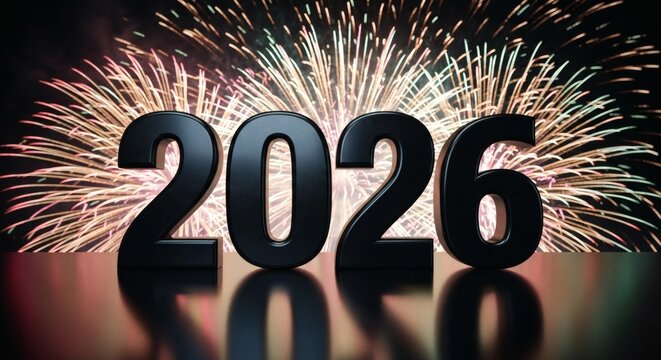 Vibrant fireworks illuminate the night sky behind the elegant 2026 numbers, celebrating the arrival of a new era of possibilities and hope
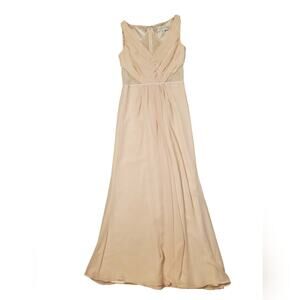 EUC Monique Lhuillier Luna Maxi Dress with Lace in Blush Sz 8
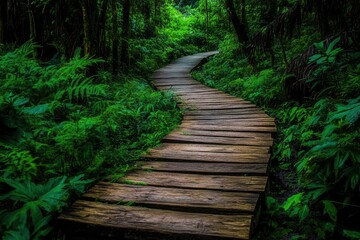 Fototapeta premium Walkway in the verdant forest , ai
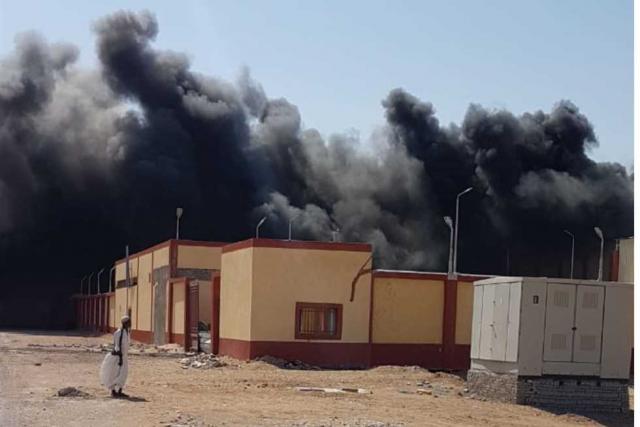 حريق المجزر الآلي بمدينة شلاتين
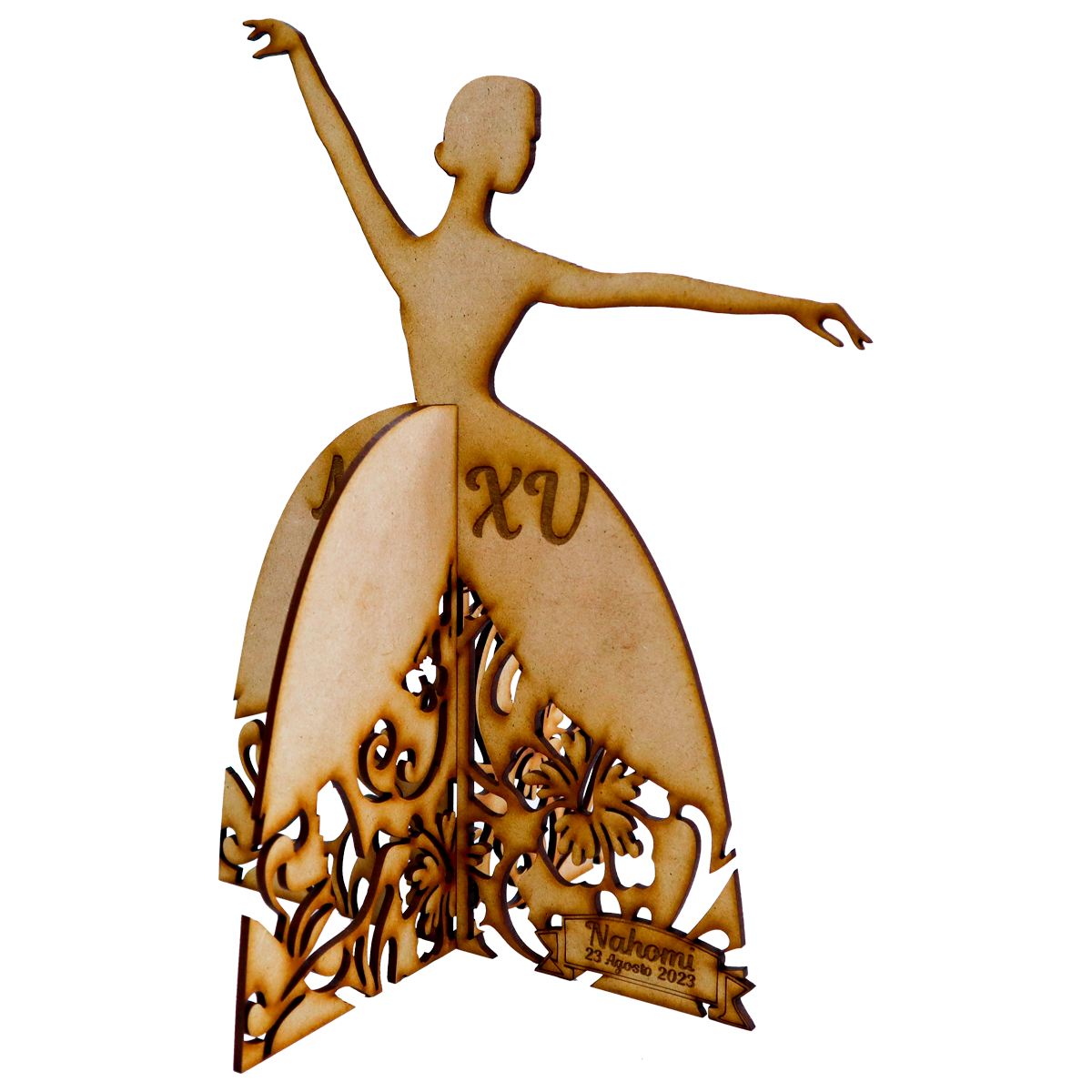 🎀 Recuerdo de XV Años Bailarina de MDF con Corte Láser Personalizado 🎀  10pz RB48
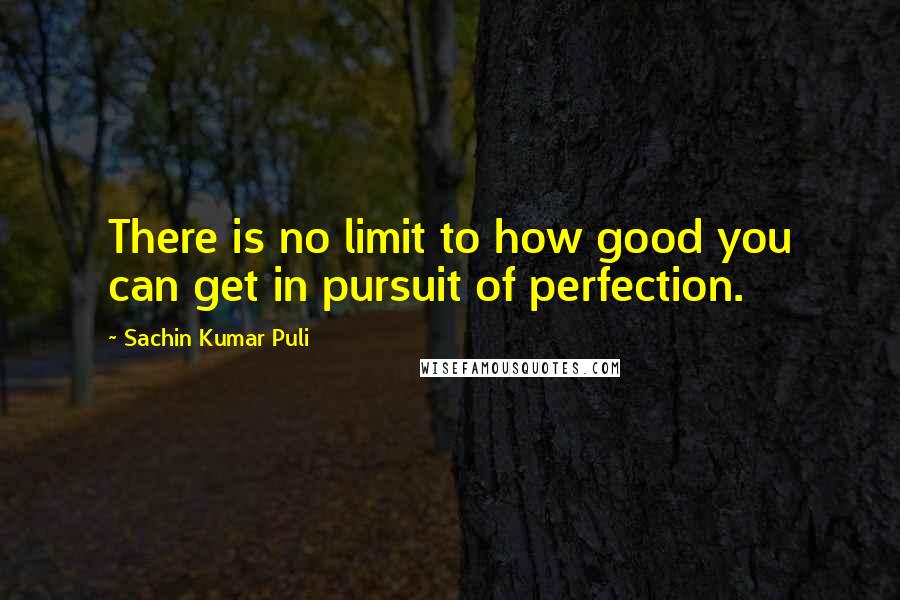 Sachin Kumar Puli Quotes: There is no limit to how good you can get in pursuit of perfection.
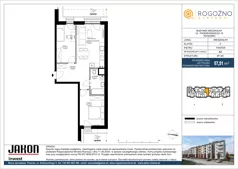 3 pokoje, mieszkanie 57,51 m², parter, oferta nr A3, Rogoźno Centrum, Rogoźno, ul. Paderewskiego 19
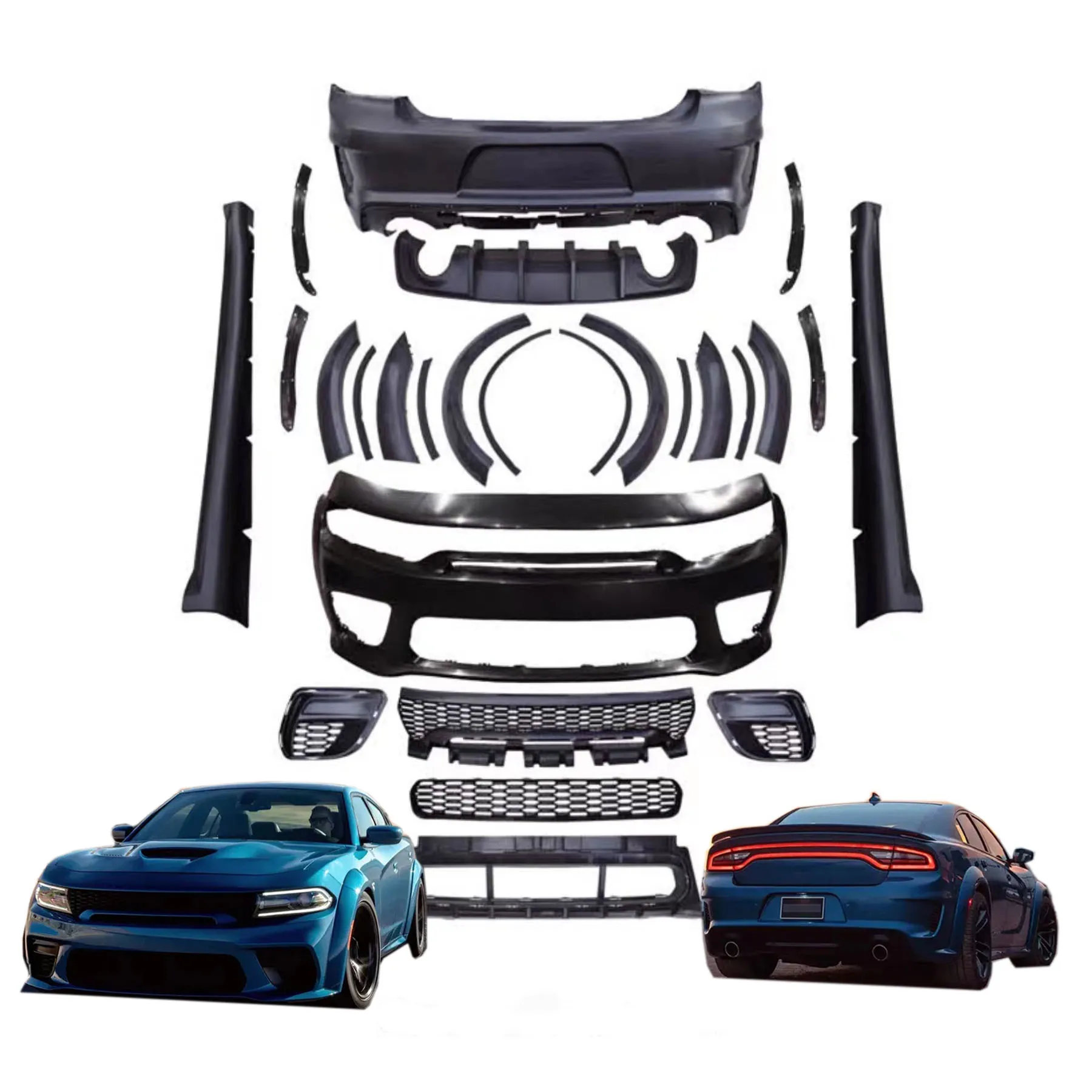 Charger SRT Style Hellcat Full Complete Wide Body Kit For Dodge Charger 2015-2022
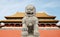 Chinese Imperial Lion Statue with Palace Forbidden city (Beijin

----

Task: Print, exactly and only, the lines running from the line with "Fototapeta premium Walkway" through the last line of the data, including both. Skip any picture.

Solution below:
 Fototapeta premium Walkway in the verdant forest , ai
 حريق المجزر الآلي بمدينة شلاتين
 🎀 Recuerdo de XV Años Bailarina de MDF con Corte Láser Personalizado 🎀  10pz RB48
 Sachin Kumar Puli Quotes: There is no limit to how good you can get in pursuit of perfection.
 3 pokoje, mieszkanie 57,51 m², parter, oferta nr A3, Rogoźno Centrum, Rogoźno, ul. Paderewskiego 19
 Charger SRT Style Hellcat Full Complete Wide Body Kit For Dodge Charger 2015-2022
 Chinese Imperial Lion Statue with Palace Forbidden city (Beijin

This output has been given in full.